Quote the entries in full, character for character, without their images.

==================================================

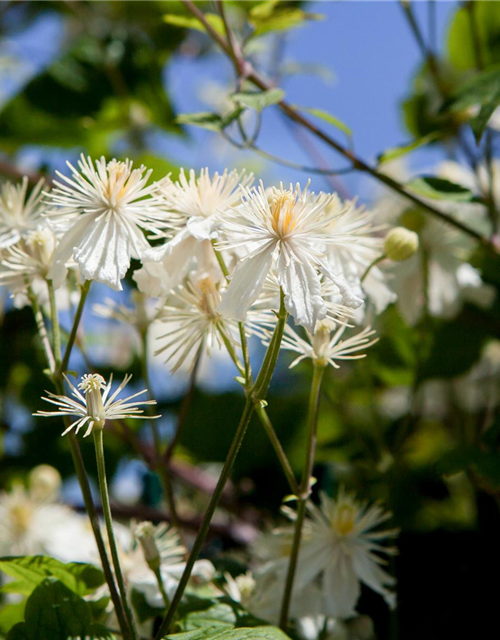 Waldrebe 'Summer Snow'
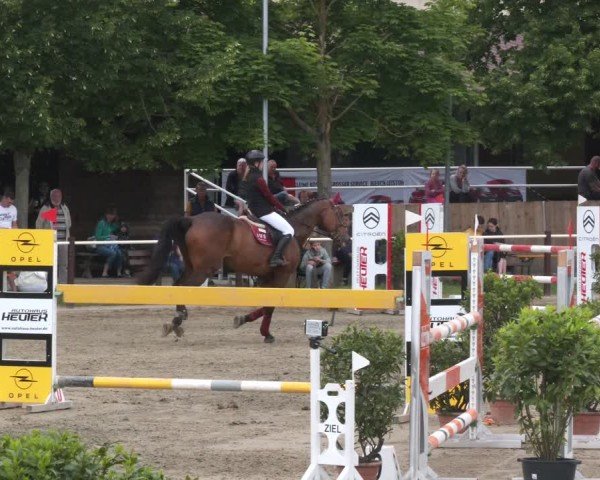 Reitturnier Kitzscher / Reitanlage Heuter 2025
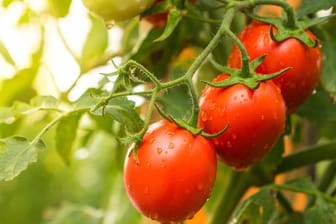 Tomaten: Die Pflanzen sollten bei einem Befall regelmäßig mit dem "Hexengebräu" bespritzt werden.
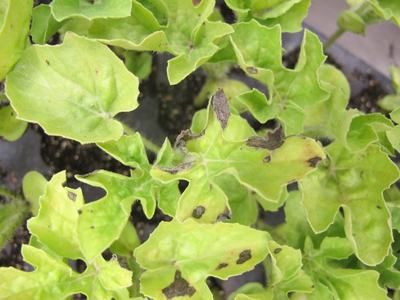 Pale green plant leaves with irregular brown necrotic spots and browned edges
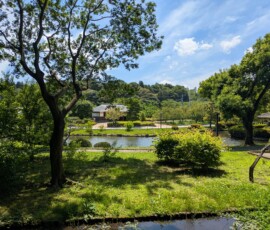 Cours d'eau et verdure, c'est pas mal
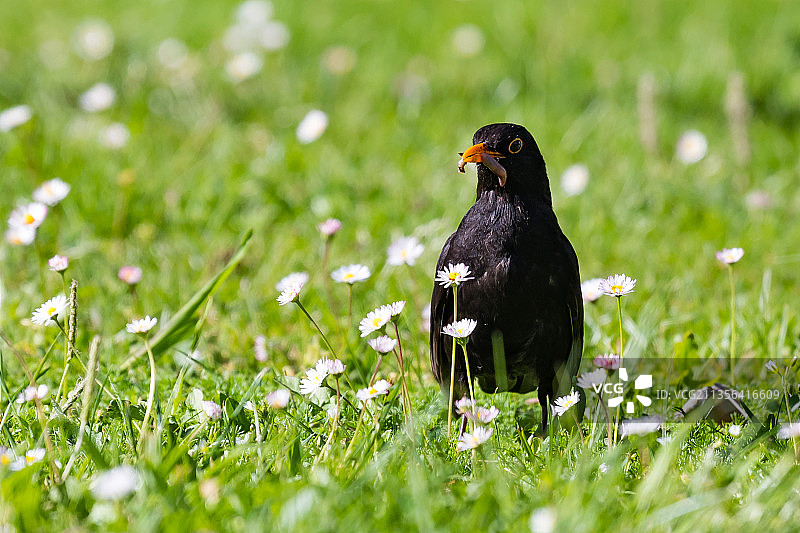 栖息在田野上的鸣禽特写图片素材
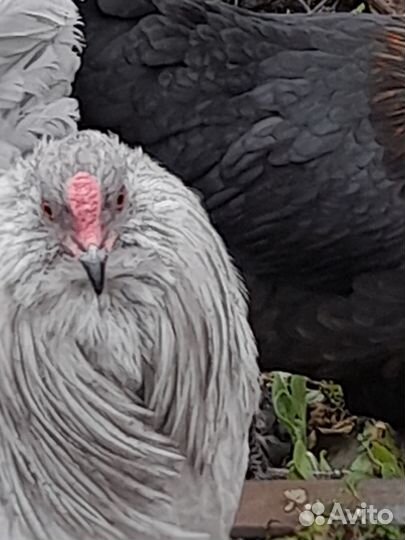 Инкубационное яйцо курочек породы Амераукана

==================================================

# Task response
 Waldrebe 'Summer Snow'
 Reitturnier Kitzscher / Reitanlage Heuter 2025
 Tomaten: Die Pflanzen sollten bei einem Befall regelmäßig mit dem "Hexengebräu" bespritzt werden.
 Pale green plant leaves with irregular brown necrotic spots and browned edges
 Cours d'eau et verdure, c'est pas mal
 栖息在田野上的鸣禽特写图片素材
 Инкубационное яйцо курочек породы Амераукана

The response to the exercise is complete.